Dataset entries:

»»

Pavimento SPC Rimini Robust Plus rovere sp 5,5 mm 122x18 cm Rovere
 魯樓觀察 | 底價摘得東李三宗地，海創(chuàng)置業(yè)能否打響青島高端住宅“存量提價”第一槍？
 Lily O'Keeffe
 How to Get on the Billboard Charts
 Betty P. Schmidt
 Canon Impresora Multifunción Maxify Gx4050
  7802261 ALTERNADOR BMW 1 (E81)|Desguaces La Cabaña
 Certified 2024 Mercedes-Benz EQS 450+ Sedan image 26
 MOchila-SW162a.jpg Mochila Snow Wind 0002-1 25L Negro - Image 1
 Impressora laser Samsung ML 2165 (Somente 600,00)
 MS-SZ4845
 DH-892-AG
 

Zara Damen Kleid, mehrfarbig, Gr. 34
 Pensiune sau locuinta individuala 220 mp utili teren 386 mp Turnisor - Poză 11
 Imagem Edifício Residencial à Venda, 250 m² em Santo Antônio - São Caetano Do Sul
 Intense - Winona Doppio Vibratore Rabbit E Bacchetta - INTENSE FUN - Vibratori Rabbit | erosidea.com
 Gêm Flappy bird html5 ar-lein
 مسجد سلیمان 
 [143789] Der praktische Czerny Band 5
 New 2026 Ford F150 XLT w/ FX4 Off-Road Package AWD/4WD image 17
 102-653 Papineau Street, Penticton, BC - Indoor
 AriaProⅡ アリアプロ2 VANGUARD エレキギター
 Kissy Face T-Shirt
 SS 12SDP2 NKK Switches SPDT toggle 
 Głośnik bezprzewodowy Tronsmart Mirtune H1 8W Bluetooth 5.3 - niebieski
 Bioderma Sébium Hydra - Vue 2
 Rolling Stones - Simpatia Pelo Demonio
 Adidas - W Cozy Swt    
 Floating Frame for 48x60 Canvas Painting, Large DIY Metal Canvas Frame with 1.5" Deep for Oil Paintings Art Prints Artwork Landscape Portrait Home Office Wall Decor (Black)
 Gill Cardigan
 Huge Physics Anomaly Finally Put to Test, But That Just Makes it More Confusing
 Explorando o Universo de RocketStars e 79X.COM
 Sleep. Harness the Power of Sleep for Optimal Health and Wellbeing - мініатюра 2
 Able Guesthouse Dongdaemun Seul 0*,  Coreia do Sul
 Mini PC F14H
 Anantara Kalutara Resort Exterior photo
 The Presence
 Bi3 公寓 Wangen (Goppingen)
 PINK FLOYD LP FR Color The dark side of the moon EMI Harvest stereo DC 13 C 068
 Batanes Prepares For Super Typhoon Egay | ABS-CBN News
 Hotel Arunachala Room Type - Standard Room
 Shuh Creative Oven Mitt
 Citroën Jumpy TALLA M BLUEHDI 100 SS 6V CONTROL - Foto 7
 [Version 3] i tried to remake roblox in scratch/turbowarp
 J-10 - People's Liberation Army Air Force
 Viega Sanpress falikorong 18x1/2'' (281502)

««

Please set down each entry again, word for word.

Pavimento SPC Rimini Robust Plus rovere sp 5,5 mm 122x18 cm Rovere
 魯樓觀察 | 底價摘得東李三宗地，海創(chuàng)置業(yè)能否打響青島高端住宅“存量提價”第一槍？
 Lily O'Keeffe
 How to Get on the Billboard Charts
 Betty P. Schmidt
 Canon Impresora Multifunción Maxify Gx4050
  7802261 ALTERNADOR BMW 1 (E81)|Desguaces La Cabaña
 Certified 2024 Mercedes-Benz EQS 450+ Sedan image 26
 MOchila-SW162a.jpg Mochila Snow Wind 0002-1 25L Negro - Image 1
 Impressora laser Samsung ML 2165 (Somente 600,00)
 MS-SZ4845
 DH-892-AG
 

Zara Damen Kleid, mehrfarbig, Gr. 34
 Pensiune sau locuinta individuala 220 mp utili teren 386 mp Turnisor - Poză 11
 Imagem Edifício Residencial à Venda, 250 m² em Santo Antônio - São Caetano Do Sul
 Intense - Winona Doppio Vibratore Rabbit E Bacchetta - INTENSE FUN - Vibratori Rabbit | erosidea.com
 Gêm Flappy bird html5 ar-lein
 مسجد سلیمان 
 [143789] Der praktische Czerny Band 5
 New 2026 Ford F150 XLT w/ FX4 Off-Road Package AWD/4WD image 17
 102-653 Papineau Street, Penticton, BC - Indoor
 AriaProⅡ アリアプロ2 VANGUARD エレキギター
 Kissy Face T-Shirt
 SS 12SDP2 NKK Switches SPDT toggle 
 Głośnik bezprzewodowy Tronsmart Mirtune H1 8W Bluetooth 5.3 - niebieski
 Bioderma Sébium Hydra - Vue 2
 Rolling Stones - Simpatia Pelo Demonio
 Adidas - W Cozy Swt    
 Floating Frame for 48x60 Canvas Painting, Large DIY Metal Canvas Frame with 1.5" Deep for Oil Paintings Art Prints Artwork Landscape Portrait Home Office Wall Decor (Black)
 Gill Cardigan
 Huge Physics Anomaly Finally Put to Test, But That Just Makes it More Confusing
 Explorando o Universo de RocketStars e 79X.COM
 Sleep. Harness the Power of Sleep for Optimal Health and Wellbeing - мініатюра 2
 Able Guesthouse Dongdaemun Seul 0*,  Coreia do Sul
 Mini PC F14H
 Anantara Kalutara Resort Exterior photo
 The Presence
 Bi3 公寓 Wangen (Goppingen)
 PINK FLOYD LP FR Color The dark side of the moon EMI Harvest stereo DC 13 C 068
 Batanes Prepares For Super Typhoon Egay | ABS-CBN News
 Hotel Arunachala Room Type - Standard Room
 Shuh Creative Oven Mitt
 Citroën Jumpy TALLA M BLUEHDI 100 SS 6V CONTROL - Foto 7
 [Version 3] i tried to remake roblox in scratch/turbowarp
 J-10 - People's Liberation Army Air Force
 Viega Sanpress falikorong 18x1/2'' (281502)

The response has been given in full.